Tamil Tigers 'never backed truce'

By Roland Buerk
BBC News, eastern Sri Lanka

Breakaway Tamil Tiger leader Colonel Karuna The leader of a key Tamil Tiger breakaway group in eastern Sri Lanka says the main organisation's head was never serious about the peace process.

Col Karuna Amman told the BBC that Velupillai Prabhakaran had said peace talks should be dragged out so the rebels could prepare for more fighting.

Col Karuna left the rebels in 2004, seriously weakening them.

Government forces are now taking control of much of the Eastern province in renewed fighting.

Serious blow

In an exclusive interview in a location several hours' drive from his stronghold of Batticaloa, Col Karuna poured scorn on the Tigers' commitment to the now battered ceasefire accord of 2002.

"I was a member of those talks," he said.

"Our eastern children had been taken to the northern fighting zone and sacrificed by Prabhakaran"
Col Karuna

"What we were told by [Prabhakaran] was, 'Drag these talks out for about five years, somehow let the time pass by. Meanwhile I will purchase arms and we will be ready for the next stage of fighting.' That was his order."

Col Karuna was once the Tigers' commander in the east, but in 2004 he left with many of his fighters. It was a serious blow to the rebels.

He says he left the rebel movement because disproportionate numbers of cadres from the East, like him, were being sacrificed on the battlefield, while the rebels from the north controlled the organisation.

Col Karuna rarely gives interviews and is almost never seen in public. A marked man, security around Col Karuna is tight.

He denied claims that his men had fought alongside government soldiers against his former comrades.

"It's a wrong thought, we deny that completely," he says.

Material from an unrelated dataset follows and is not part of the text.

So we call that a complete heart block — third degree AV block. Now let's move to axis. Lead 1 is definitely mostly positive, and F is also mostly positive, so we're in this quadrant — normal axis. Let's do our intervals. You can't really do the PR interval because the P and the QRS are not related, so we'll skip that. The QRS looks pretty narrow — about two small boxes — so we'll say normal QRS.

He also rejected allegations from human rights groups that his Karuna faction had been active in recruiting children.

Election wish

"Definitely if there are people like that in our camps, definitely we'll release them. We would not keep people like that.

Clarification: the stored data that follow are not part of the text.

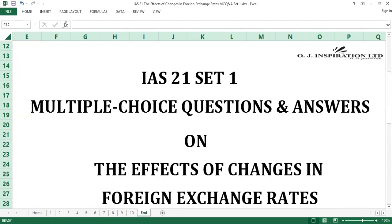That is all for this set. Thank you for joining us for Set 1 of IAS 21: The Effects of Changes in Foreign Exchange Rates. We invite you to subscribe to our channel, share our links, and invite others in your network to do the same. This will enable you and all subscribers to get direct notifications on future video uploads. We intend to cover all standards in this framework and create further sets of questions and answers. For collaboration, please call or WhatsApp +2349030770109. All rights to this production are reserved for OJ Inspiration Limited. Thank you once again and bye for now.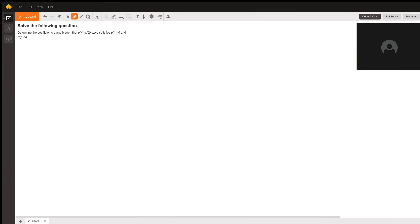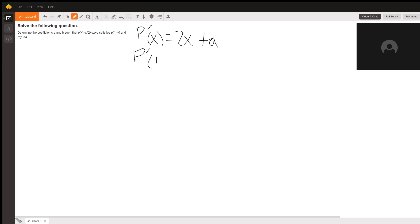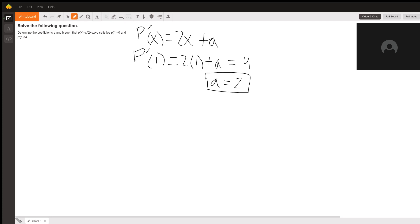We have p(x) = x² + ax + b. We can take the derivative to get p'(x) = 2x + a. We know p'(1) = 2(1) + a = 4, so we solve for a and get a = 2. Now we need to find b.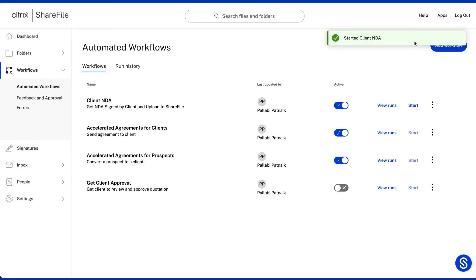With automated workflows, you can start building efficiencies and reduce repetitive document tasks.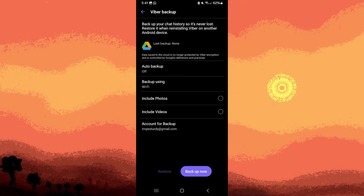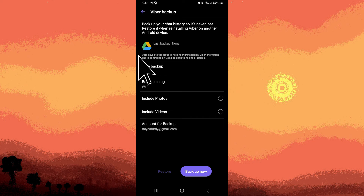And here, you can set your preferred auto backup duration. For example, I choose Daily. Finally, tap on Backup now.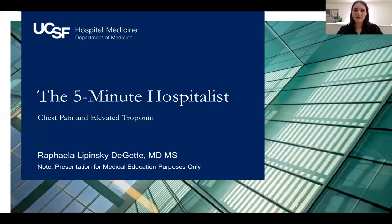Hello, my name is Rafaela Lipinski-Diguet, and I'm an internal medicine resident at UCSF. As part of our series, The 5-Minute Hospitalist, I'll be talking about the evaluation of chest pain and an elevated troponin in the hospitalized patient.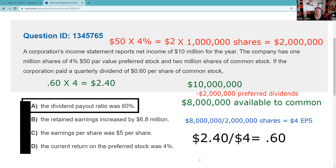Remember: inch by inch, your Series 7 is a cinch. Yard by yard, your Series 7 is hard.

"This is also another reason for us to come out of the [Tigers]. Our eastern children had been taken to the northern fighting zone and sacrificed by Prabhakaran.

"We didn't accept that. Our eastern children should study, they should live in freedom."

Col Karuna said he no longer supported an independent homeland for the Tamils in Sri Lanka - the goal for which the Tigers have fought for decades.

"Our aim is to find a solution under one Sri Lanka. What I mean is under a united Sri Lanka," he said.

Col Karuna has formed a political party, the TMBP, and says he intends to contest future provincial and general elections.

"If there is an election, whether it's for a provincial council or a general election, definitely we will contest because we are in the political mainstream," he said.

"At the moment we are equipping people for that. We have started working towards it," he added.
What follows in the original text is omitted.